Using the records below, output the stretch that opens with the line containing "Physical 3D Map" and closes with the line containing "Wooden Roller Coaster", exactly and including both lines, with nothing more.

[Stored records]
#####

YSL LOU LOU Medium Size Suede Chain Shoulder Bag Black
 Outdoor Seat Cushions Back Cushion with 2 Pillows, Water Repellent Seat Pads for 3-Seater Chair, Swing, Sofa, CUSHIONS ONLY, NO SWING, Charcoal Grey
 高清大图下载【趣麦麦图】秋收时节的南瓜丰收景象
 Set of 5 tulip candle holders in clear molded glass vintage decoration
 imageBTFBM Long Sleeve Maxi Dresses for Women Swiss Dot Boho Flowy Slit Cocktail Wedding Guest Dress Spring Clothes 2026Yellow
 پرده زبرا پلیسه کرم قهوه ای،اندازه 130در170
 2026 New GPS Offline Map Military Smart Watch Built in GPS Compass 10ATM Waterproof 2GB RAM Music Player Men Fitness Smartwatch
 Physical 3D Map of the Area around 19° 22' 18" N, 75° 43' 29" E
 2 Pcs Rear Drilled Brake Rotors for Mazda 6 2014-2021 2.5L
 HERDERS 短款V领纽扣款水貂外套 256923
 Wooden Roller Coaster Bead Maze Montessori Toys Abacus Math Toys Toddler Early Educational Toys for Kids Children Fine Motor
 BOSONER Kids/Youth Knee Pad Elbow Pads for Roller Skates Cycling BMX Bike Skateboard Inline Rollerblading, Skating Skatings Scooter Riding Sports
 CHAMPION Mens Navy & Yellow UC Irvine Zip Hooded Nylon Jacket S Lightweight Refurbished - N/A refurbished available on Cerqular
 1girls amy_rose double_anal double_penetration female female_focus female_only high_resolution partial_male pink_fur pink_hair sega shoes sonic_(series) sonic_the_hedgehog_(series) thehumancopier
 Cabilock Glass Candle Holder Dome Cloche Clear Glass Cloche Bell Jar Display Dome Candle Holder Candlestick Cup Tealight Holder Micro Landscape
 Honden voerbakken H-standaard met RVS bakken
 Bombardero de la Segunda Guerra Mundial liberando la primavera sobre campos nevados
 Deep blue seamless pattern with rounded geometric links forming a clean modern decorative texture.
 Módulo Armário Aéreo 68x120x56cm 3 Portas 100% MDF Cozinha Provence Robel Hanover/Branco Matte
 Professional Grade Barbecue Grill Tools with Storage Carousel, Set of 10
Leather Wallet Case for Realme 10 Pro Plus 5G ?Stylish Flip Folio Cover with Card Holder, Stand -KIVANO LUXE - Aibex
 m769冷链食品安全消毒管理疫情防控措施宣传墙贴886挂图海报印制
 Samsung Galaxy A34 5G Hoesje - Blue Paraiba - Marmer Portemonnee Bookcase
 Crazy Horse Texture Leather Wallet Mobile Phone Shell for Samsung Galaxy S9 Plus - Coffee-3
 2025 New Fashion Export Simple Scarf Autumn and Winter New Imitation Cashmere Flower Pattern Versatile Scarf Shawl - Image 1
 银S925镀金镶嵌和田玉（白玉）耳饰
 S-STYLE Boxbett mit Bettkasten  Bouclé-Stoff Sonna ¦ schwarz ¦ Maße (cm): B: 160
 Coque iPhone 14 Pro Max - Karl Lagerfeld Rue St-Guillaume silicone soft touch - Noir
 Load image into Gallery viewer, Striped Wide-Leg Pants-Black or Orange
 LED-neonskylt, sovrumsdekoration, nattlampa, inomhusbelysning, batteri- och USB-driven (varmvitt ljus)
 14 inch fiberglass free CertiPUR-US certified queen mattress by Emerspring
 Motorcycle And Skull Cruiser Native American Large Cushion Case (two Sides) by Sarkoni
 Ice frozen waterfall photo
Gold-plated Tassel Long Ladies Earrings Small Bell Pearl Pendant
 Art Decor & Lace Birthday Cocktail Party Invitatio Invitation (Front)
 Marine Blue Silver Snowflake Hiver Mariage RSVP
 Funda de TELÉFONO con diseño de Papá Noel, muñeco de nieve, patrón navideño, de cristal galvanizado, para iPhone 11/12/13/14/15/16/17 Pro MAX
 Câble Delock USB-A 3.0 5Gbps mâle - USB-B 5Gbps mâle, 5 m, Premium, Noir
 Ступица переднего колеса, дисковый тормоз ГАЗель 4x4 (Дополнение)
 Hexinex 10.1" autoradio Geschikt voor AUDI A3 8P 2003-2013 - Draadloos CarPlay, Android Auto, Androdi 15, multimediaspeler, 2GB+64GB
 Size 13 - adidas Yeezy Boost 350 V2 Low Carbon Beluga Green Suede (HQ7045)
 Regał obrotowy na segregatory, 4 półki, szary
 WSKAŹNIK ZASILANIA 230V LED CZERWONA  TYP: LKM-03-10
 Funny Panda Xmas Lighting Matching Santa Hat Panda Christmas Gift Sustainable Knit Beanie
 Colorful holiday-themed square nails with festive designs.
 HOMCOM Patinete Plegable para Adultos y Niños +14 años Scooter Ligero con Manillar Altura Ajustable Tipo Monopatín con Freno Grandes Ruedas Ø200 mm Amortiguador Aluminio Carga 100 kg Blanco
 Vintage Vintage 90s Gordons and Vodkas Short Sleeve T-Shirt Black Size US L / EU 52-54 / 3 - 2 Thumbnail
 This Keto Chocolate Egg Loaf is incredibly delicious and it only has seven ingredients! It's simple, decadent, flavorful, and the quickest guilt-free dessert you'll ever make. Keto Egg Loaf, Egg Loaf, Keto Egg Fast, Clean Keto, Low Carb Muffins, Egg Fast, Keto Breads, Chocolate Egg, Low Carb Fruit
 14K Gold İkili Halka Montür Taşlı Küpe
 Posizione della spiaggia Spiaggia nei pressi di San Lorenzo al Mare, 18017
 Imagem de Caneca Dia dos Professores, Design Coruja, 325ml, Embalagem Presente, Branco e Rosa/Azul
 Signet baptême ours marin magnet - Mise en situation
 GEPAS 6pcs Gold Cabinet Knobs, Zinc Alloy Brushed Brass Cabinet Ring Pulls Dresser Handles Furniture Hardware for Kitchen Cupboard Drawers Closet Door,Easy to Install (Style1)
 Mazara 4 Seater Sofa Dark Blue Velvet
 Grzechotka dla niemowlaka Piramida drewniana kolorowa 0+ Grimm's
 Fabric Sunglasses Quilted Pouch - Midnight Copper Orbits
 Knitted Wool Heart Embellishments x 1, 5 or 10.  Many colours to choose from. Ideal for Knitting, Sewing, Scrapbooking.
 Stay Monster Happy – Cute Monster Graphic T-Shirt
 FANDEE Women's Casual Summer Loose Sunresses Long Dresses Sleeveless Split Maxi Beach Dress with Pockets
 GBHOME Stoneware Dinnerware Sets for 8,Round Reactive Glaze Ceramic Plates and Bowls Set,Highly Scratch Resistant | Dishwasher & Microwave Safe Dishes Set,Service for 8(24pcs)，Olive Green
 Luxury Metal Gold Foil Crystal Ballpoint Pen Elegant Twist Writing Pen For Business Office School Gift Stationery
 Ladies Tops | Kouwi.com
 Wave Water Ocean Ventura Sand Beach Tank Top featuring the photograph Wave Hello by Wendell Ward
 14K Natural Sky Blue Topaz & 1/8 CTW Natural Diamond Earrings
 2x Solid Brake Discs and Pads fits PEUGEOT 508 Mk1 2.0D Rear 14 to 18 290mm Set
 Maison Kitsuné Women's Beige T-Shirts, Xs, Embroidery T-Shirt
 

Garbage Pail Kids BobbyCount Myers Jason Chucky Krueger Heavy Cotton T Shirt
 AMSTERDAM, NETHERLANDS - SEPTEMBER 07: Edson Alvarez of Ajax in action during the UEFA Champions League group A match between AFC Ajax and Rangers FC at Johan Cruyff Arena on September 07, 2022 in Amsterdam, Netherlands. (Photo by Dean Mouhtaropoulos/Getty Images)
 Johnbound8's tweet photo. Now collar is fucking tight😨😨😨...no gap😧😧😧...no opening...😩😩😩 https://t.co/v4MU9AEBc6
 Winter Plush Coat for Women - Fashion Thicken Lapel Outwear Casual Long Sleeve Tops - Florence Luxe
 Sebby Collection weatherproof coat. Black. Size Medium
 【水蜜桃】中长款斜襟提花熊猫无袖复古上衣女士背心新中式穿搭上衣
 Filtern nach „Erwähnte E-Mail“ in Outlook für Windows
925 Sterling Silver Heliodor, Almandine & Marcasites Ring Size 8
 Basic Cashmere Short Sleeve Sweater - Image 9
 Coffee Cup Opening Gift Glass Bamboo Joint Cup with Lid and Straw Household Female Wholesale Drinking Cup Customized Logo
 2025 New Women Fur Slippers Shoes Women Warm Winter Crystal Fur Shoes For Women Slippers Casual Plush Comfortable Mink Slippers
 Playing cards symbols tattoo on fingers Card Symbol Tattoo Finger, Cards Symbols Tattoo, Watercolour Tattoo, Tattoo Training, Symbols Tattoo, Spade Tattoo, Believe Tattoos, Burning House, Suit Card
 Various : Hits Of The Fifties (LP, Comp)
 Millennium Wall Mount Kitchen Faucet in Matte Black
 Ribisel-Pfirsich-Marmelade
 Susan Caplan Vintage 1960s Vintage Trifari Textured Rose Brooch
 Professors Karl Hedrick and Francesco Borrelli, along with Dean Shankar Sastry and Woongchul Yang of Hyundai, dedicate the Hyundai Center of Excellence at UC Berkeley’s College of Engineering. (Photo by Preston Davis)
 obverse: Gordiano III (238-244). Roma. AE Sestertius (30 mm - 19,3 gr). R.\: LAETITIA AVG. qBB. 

#####

## Response area:
 Physical 3D Map of the Area around 19° 22' 18" N, 75° 43' 29" E
 2 Pcs Rear Drilled Brake Rotors for Mazda 6 2014-2021 2.5L
 HERDERS 短款V领纽扣款水貂外套 256923
 Wooden Roller Coaster Bead Maze Montessori Toys Abacus Math Toys Toddler Early Educational Toys for Kids Children Fine Motor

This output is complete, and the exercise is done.